KH: You said before, “My biggest goal with breaking is to inspire others, that no matter where you come from (whether there be a lack of hip-hop scene or mentors) you can still go really far in breaking by changing your mindset…”
What did you specifically mean by “changing your mindset?” What does it take from a mental standpoint to get in the zone you need to be in to be successful?
Snap1: By changing your mindset I mean a few things. First and foremost, never be satisfied with yourself, (pat yourself on the back and reflect on accomplishments for sure). However, I always remind myself there is always someone better, faster, stronger, smarter. So never stop improving yourself.
Second, don’t allow, or even give yourself the choice, to NOT train. Rest is key, listen to your body, but the times when things are the most difficult is where real progression is made. I wake up sometimes not wanting to train. But I trained my mindset that’s it’s just not an option, until my body tells me it’s seriously time to back off. And trust me, my body is trained to take a lot, so it takes my body about day 5 or 6 in the week of training twice a day to finally say “ok, it’s time to recover.” The mentality I have learned as well is to push beyond limits.
And third, as cliche as it may sound, there are no excuses. I could blame some of my shortcomings on not having a huge hip hop scene here, being a female not naturally as strong as a man, having to spend so much money on airfare, taking time off from my full time job, life’s too busy to train, etc. But going back to my first point, it is not an option to NOT train to become the best I can in this dance. And that’s precisely why I wake up at 3am now to train at 4am. Because I have a demanding full time job, adult responsibilities, and a family to take care of.

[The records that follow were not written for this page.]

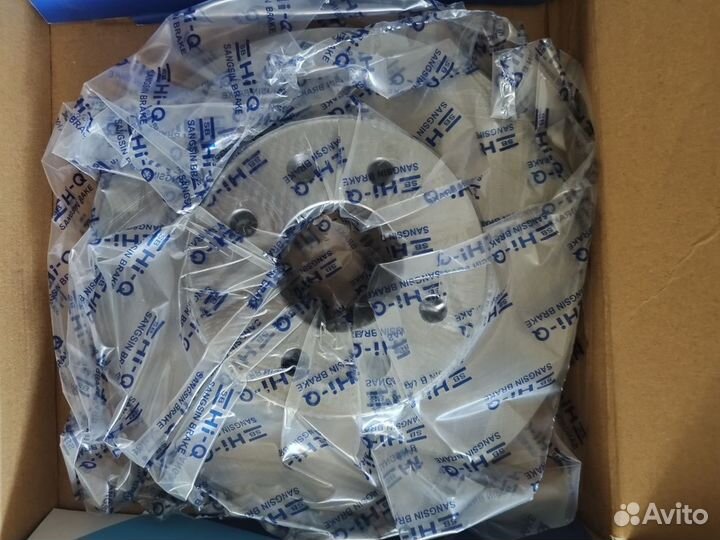 Диско тормозные RIO-4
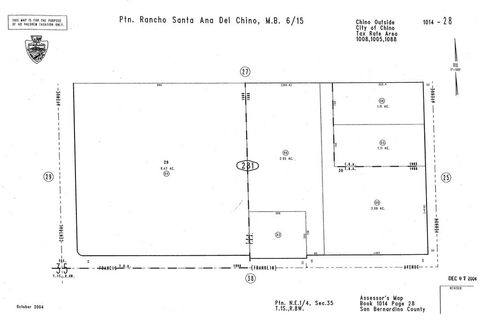 5500 Francis Chino CA 91741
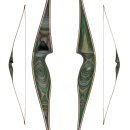 [Limited Edition] JACKALOPE - Malachite - 62 inches - Hybrid Bow - 45 lbs | Left Hand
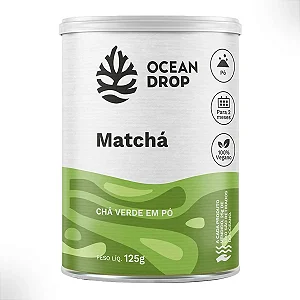Matchá 125g Ocean Drop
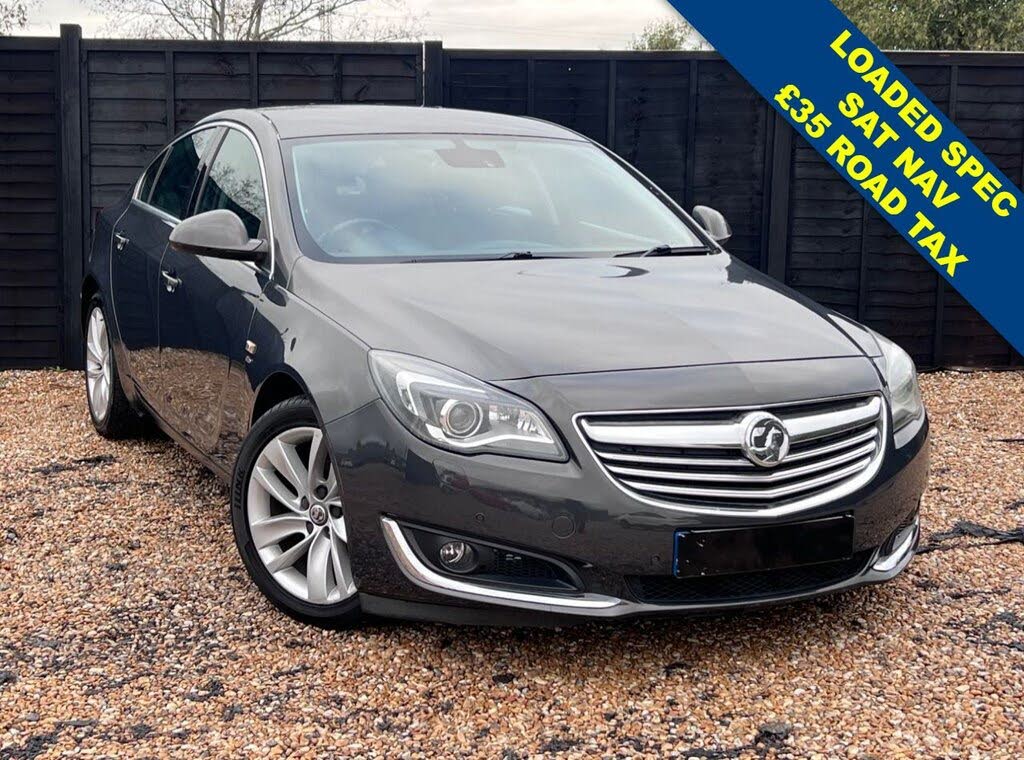 2014 Vauxhall Insignia 2.0CDTi Elite (163ps) (Nav) ecoFLEX (s/s) Hatchback 5d
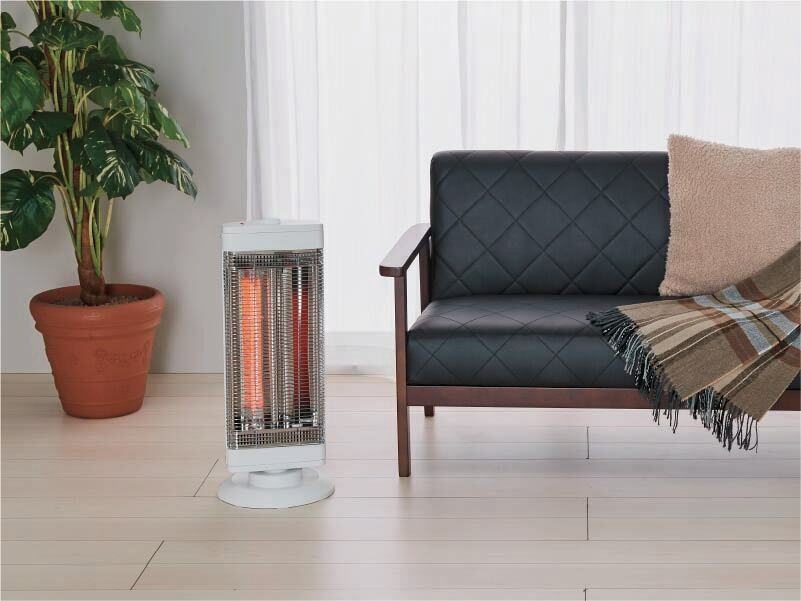 スリムハイブリッドヒーター ホワイト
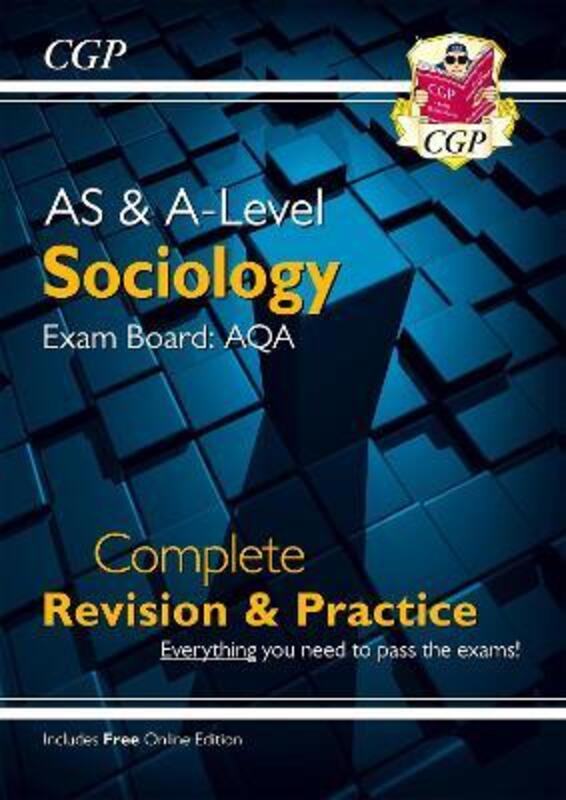 AS and A-Level Sociology: AQA Complete Revision & Practice (with Online Edition).paperback,By :CGP Books - CGP Books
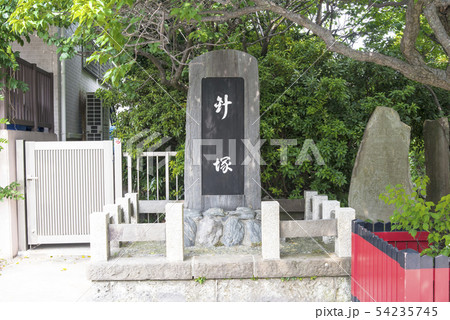岡村天満宮の針塚（横浜市磯子区岡村） 54235745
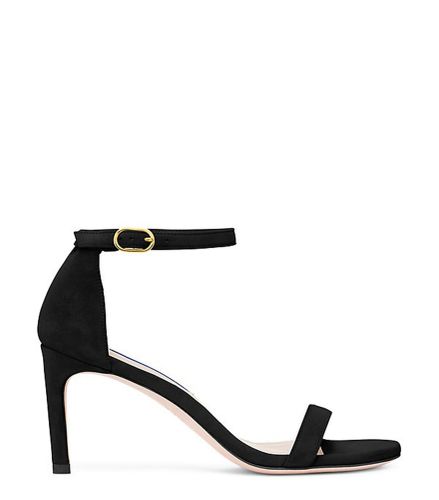 NUNAKEDSTRAIGHT, SANDALES, , DAIM - Stuart Weitzman - Modalova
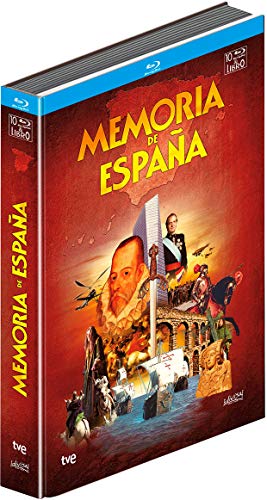 Memoria De España (BD + Libro) [Blu-ray]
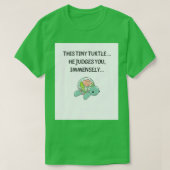 Tiny Turtle T-Shirt (Design vorne)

KH: So you’ve competed at the Red Bull BC One E-Battle before. What is different about this time in your approach and vision?
Snap1: Last year I made top 8. This year is obviously different because top 16 is now live. I honestly do not prefer online battles because the energy of a live crowd and opponent isn’t there. However, what online battles and classes does give me is what I’ve lacked this whole time, the ability to connect on a larger scale.
Though I don’t use it as an excuse, the fact is Alaska is far. It’s expensive to travel and takes much more time. For example to get to the East coast of the United States I’m looking at $500-$700 easy and at least a WHOLE day just to travel there. Back to the battle, I’m excited it’s live, however still nervous because my style of aggression, power, and blow ups is sometimes hard to portray them same affect online.
And of course my room I dance in isn’t exactly huge (hence the hole in my wall). But this time around, even though I am facing a lot of pressure being the only US b-girl, I’m proud to have just made it this far and I just want to use this platform to show the world what I got.
KH: What does it mean to you that breaking is soon to be an Olympic event?
Snap1: As far as breaking in the Olympics, I know there’s certainly split opinions about it. And I respect those who aren’t for it. I personally cannot be more thrilled. Being an athlete my whole life, it’s been my #1 dream to be an Olympian. To be that is the highest honor for an athlete. It is currently my number 1 goal and I hope to be a part of the US Olympic team. To me being an Olympian is more than having the skill. It’s also about having the professionalism and the work ethic. As I always say, I may not be the best, but I promise I’ll be the hardest working. And I think that shows in how I train and dance.
KH: What did it mean to be crowned the Red Bull US National Champion in 2019, and how do you try to carry that success over to the Red Bull BC One E-Battle this year?
Icey Ives: At the time it honestly meant everything. All my hard work and dedication paid off and in winning that, [it] gave me many opportunities for the year. Carrying that to the Red Bull BC One E-battle… I honestly don’t have the same fire as if I am approaching a real battle just because it is online, but I am glad I can support, represent and overall just here to have fun.
KH: How do you approach your craft, or each individual set, creatively? What mixture of physical and mental acuity does it take to hone in on a routine you feel confident about?
Icey Ives: My craft 100% has to come from an authentic place. I love free styling and coming up with movements on the spot but also adding signature moves in between. As long as I know I am listening to the music and pouring out my 110% then I feel good about myself.
KH: You’ve mentioned before how music is the main foundation to the breaking. What do you pick up on specifically when you hear/choose a track, and how do you try and tailor your routine specifically to that?
Icey Ives: I let the music guide me and dictate how my vibe is depending on the intensity of the track. I usually just simply go for the drums (kick and snare) to not overwhelm myself since a lot goes on with music, so overall simplicity is key for me.
Having success in past Red Bull competitions does not mean that success will carry over here. Success dies in complacency, and Snap1 and Icey Ives know this all too well.
They have also both worked so hard to get to this point. The biggest breaking competition in the world, the most talented competition, the highest stakes with breaking in the Olympics approaching… these two Anchorage natives are gearing up for possibly the biggest moment in their lives.